Captioned web image data:
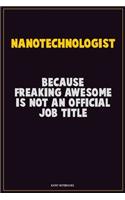 Nanotechnologist, Because Freaking Awesome Is Not An Official Job Title: Career Motivational Quotes 6x9 120 Pages Blank Lined Notebook Journal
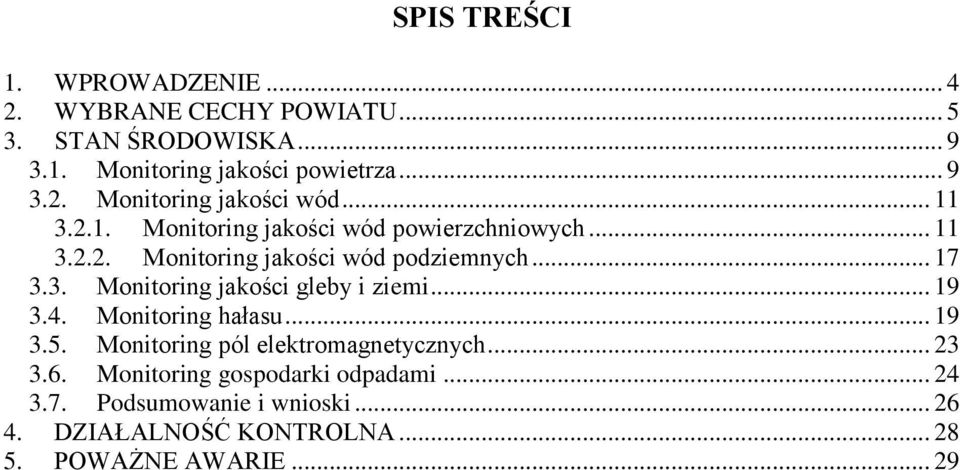 .. 19 3.4. Monitoring hałasu... 19 3.5. Monitoring pól elektromagnetycznych... 23 3.6. Monitoring gospodarki odpadami... 24 3.7.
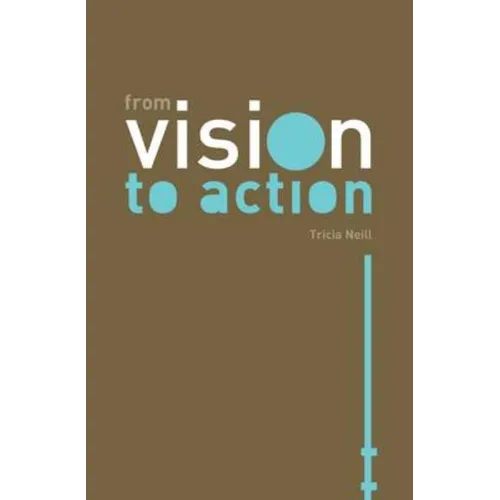 From Vision to Action - Paperback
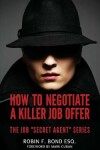 Book cover for How to Negotiate A Killer Job Offer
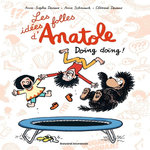 LES IDEES FOLLES D'ANATOLE TOME 3 : DOING DOING !, Didier Anne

• _Task to complete_
Each record must appear again exactly as written above, without its pictures.

• _Finished exercise_
 Nanotechnologist, Because Freaking Awesome Is Not An Official Job Title: Career Motivational Quotes 6x9 120 Pages Blank Lined Notebook Journal
 .. 19 3.4. Monitoring hałasu... 19 3.5. Monitoring pól elektromagnetycznych... 23 3.6. Monitoring gospodarki odpadami... 24 3.7.
 From Vision to Action - Paperback
 Book cover for How to Negotiate A Killer Job Offer
 LES IDEES FOLLES D'ANATOLE TOME 3 : DOING DOING !, Didier Anne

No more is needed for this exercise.